■ PROBLEM DESCRIPTION:
Please transcribe the data below exactly. Leave the pictures out.

■ SUPPLIED DATA:
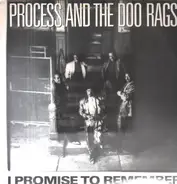 Process And The Doo Rags - I Promise To Remember
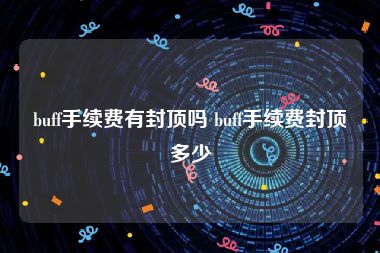 buff手续费有封顶吗 buff手续费封顶多少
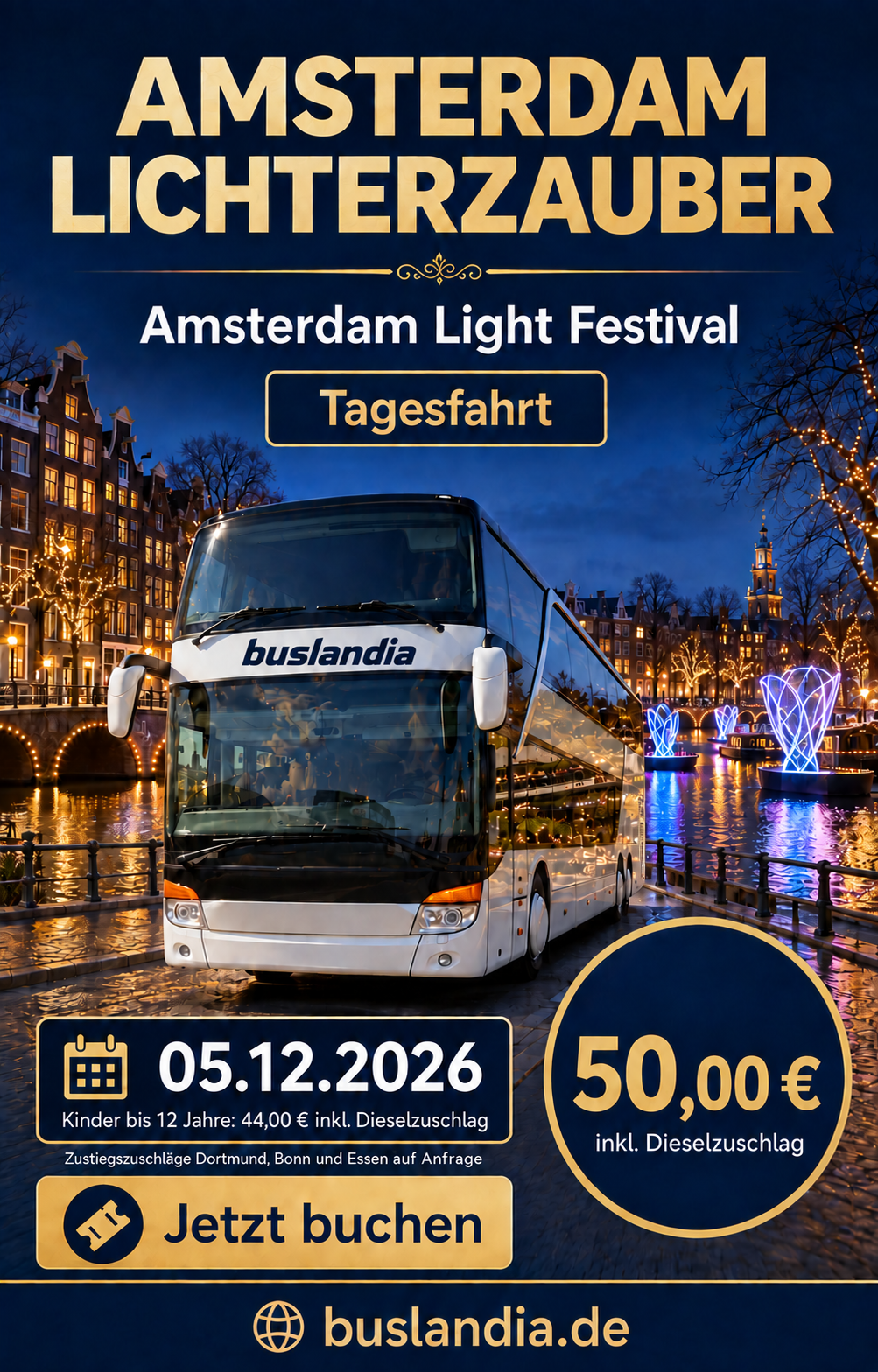 Buslandia: Lichterzauber in Amsterdam am 05.12.2026, Erwachsene 50 Euro und Kinder bis 12 Jahre 44 Euro inklusive Dieselzuschlag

■ SOLUTION TO THIS EXERCISE:
 Process And The Doo Rags - I Promise To Remember
 buff手续费有封顶吗 buff手续费封顶多少
 Buslandia: Lichterzauber in Amsterdam am 05.12.2026, Erwachsene 50 Euro und Kinder bis 12 Jahre 44 Euro inklusive Dieselzuschlag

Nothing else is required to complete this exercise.